I know how these components work so I knew that it doesn't actually have to take multiple minutes to start the Kubernetes cluster. So we built something to start Kubernetes clusters really quickly, which back then was still 30 seconds until the API server was ready. Nowadays, actually Namespace still has that capability and we do it in 10 seconds.
But that was the starting point. We built namespace for ourselves so that we could fan out end to end isolated Kubernetes clusters or Kubernetes based testing for Foundation. And as I was showing Foundation to potential leads, folks were asking about that like, "wait a minute, how did you guys just start a Kubernetes cluster so quickly?"

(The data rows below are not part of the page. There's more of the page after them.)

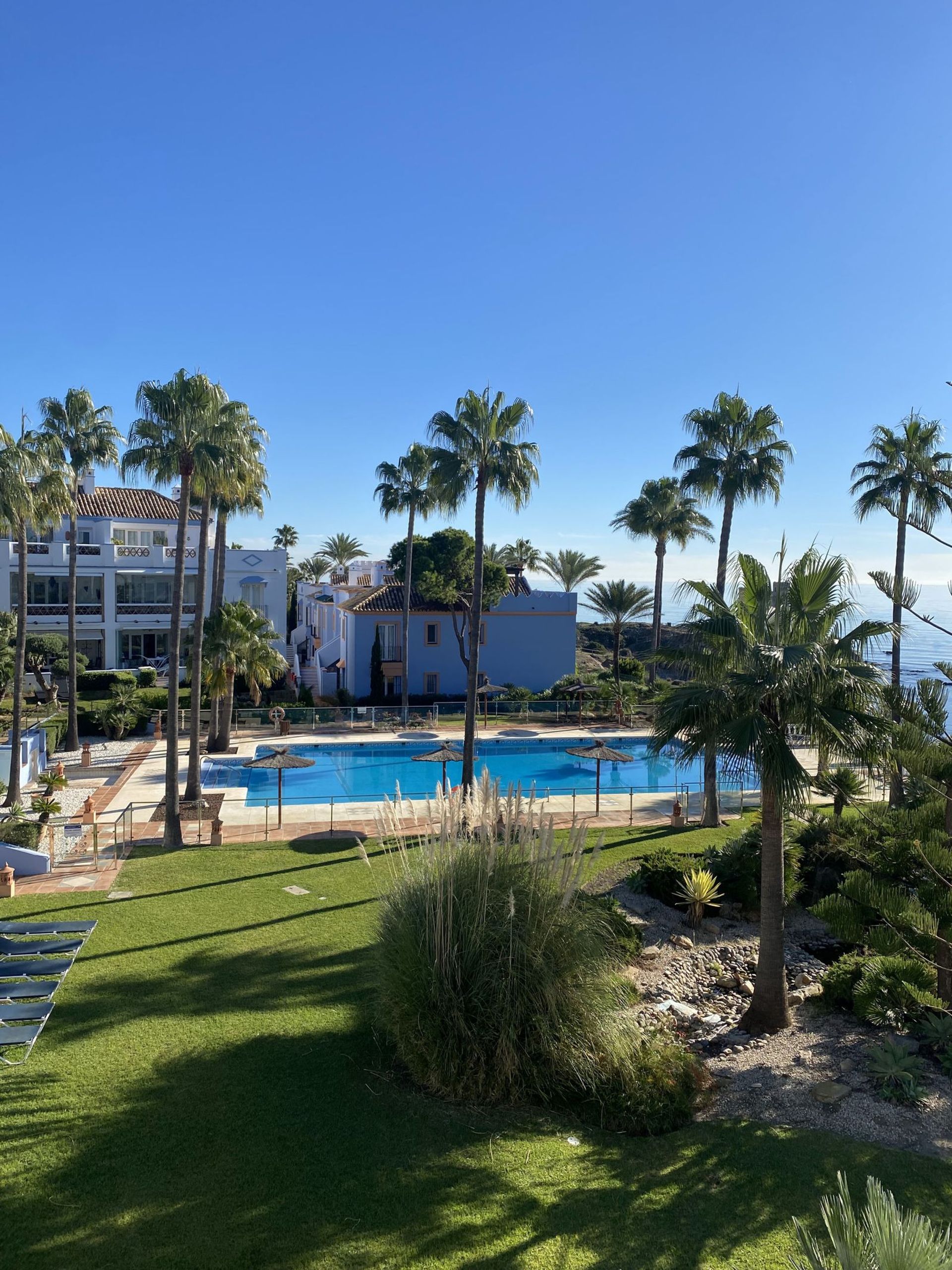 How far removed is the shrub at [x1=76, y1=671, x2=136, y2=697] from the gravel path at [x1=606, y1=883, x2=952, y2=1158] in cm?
2857

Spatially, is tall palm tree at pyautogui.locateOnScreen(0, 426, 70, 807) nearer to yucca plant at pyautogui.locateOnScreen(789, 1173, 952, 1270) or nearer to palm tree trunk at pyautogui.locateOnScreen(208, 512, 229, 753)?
palm tree trunk at pyautogui.locateOnScreen(208, 512, 229, 753)

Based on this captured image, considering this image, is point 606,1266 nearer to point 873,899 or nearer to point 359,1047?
point 359,1047

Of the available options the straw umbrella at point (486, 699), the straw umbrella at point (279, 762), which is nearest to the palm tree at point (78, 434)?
the straw umbrella at point (279, 762)

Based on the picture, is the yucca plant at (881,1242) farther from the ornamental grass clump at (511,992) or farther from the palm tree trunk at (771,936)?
the palm tree trunk at (771,936)

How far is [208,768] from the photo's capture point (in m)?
26.9

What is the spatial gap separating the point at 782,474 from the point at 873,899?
1386cm

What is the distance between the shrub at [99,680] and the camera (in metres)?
36.4

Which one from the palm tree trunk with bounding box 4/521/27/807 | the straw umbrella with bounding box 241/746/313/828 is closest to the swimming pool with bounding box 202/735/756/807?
the straw umbrella with bounding box 241/746/313/828

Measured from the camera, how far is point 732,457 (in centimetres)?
2048

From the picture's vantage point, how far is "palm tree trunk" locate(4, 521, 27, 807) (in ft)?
64.4

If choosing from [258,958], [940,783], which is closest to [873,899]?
[940,783]

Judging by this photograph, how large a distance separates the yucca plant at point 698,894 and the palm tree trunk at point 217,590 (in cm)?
1865

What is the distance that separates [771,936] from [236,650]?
20455 mm

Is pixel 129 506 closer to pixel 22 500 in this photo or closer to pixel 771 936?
pixel 22 500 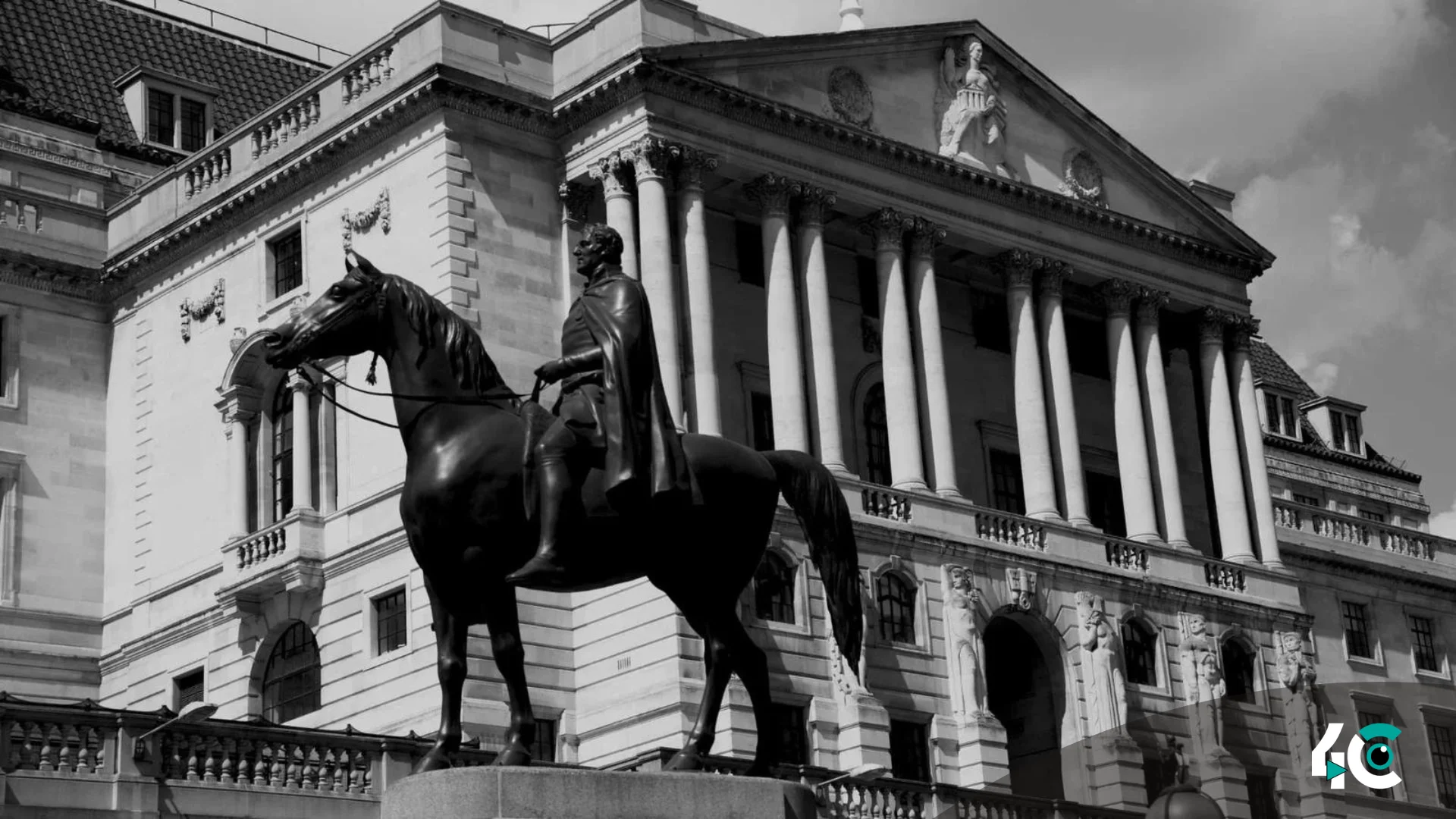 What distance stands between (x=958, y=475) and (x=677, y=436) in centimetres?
4010

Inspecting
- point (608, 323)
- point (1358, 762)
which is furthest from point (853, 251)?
point (608, 323)

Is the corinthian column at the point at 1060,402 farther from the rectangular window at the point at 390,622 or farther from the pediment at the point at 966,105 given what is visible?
the rectangular window at the point at 390,622

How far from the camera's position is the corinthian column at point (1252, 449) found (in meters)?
64.4

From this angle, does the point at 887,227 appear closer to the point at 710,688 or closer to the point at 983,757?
the point at 983,757

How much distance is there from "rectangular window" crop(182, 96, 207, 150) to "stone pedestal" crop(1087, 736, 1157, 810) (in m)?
28.8

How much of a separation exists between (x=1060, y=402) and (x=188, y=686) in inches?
837

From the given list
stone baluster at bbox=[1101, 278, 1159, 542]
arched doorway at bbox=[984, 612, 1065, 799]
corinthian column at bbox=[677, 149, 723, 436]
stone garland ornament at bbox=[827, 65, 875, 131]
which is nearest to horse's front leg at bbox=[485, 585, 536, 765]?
corinthian column at bbox=[677, 149, 723, 436]

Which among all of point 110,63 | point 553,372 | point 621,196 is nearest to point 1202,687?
point 621,196

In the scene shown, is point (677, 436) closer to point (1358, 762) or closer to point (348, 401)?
point (348, 401)

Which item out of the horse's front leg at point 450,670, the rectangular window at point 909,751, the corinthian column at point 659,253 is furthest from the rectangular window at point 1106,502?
the horse's front leg at point 450,670

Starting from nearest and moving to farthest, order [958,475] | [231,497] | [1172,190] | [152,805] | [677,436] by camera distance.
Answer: [677,436] < [152,805] < [231,497] < [958,475] < [1172,190]

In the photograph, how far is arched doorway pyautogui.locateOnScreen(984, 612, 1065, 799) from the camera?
56.5m

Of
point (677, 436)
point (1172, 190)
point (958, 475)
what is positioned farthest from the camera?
point (1172, 190)

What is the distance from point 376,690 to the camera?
168ft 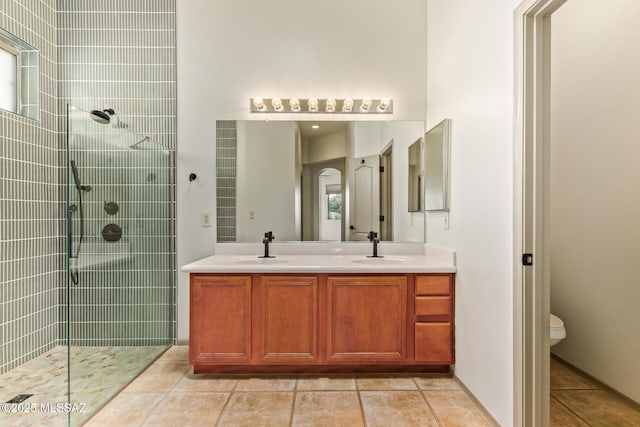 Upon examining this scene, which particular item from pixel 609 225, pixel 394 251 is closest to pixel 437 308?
pixel 394 251

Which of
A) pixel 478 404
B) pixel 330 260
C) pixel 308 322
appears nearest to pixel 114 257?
pixel 308 322

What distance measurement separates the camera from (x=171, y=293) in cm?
Result: 262

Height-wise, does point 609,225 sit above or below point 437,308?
above

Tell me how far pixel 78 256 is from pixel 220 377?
118cm

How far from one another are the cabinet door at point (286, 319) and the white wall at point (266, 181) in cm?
64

And that was a little bit of a light bulb went up and we realized that that was a much more interesting problem to solve than this fully packaged, "change how you're building software and it will be better," which is very painful. So we went down the other path altogether to something very frictionless that brought value, day one. And then it was kind of very natural journey.
Benjie: So Hugo, let's get into a little bit on the how you got done in 30 seconds. So you're using GKE, the hosted Kubernetes service from GCP. This is 2022. 2021?
Hugo: Yeah, 2022.
Benjie: Okay, so you're in 2022 and you're like hey, this is taking three or four minutes to get an API control plane, get some nodes up and running. So then you're like let's bootstrap our own Kubernetes clusters. How did you get them down to 30 seconds? Are you using K3s? Are you using vanilla Kubernetes? What were some of the technical things you did there?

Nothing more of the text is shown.